This site teaches the letters "eaint" first. I think it's better to introduce
the home row first. Don't worry that you can't type much English with the home
row (unless you're using another layout like dvorak). Just get them good with
different combinations of "asdfjkl;". Then once you have that, you introduce
new keys by having them practice the jump from the correct home row key typed
with the same finger to the new key and back. Let's say we're introducing 'e'
next. The exercise would be something like this:

ded ede dde eed eded dede deeded edded ...

This gets them familiar with precisely the right motor recruitment pattern.
The point of this exercise isn't to achieve the absolute maximum speed. It is
to exercise the movement pattern of moving a certain finger from the home row
to the key and back. Obviously you need to make sure they're keeping their
hands on the home row and not typing d and e with two different fingers to go
faster on this particular exercise. But that shouldn't be hard to do in your
instructions. You can start to dissuade this in your next exercises by
bringing in the home row letters typed with the adjacent fingers.

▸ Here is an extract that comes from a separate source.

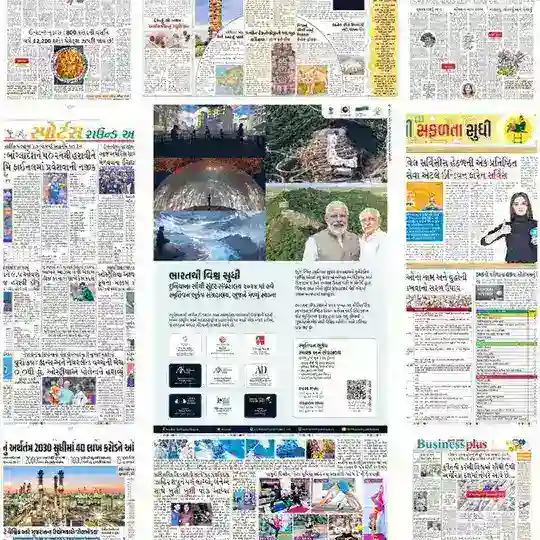 News Gujarati epaper Telegram Channel Avatar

fesd sefd sdfesd fdsefd ...

I think this kind of exercise pattern should be used to introduce _all_ the
keys. Once the student has established these motor patterns in the process of
learning where each key is, then you can go on to English text. Of course you
can put English into these exercises when possible, but not to the detriment
of the main point which is motor movement patterns.

If you already know how to touch-type and are learning a new keyboard layout,
then obviously you already know the motor recruitment patterns and the
approach used by this web app is great.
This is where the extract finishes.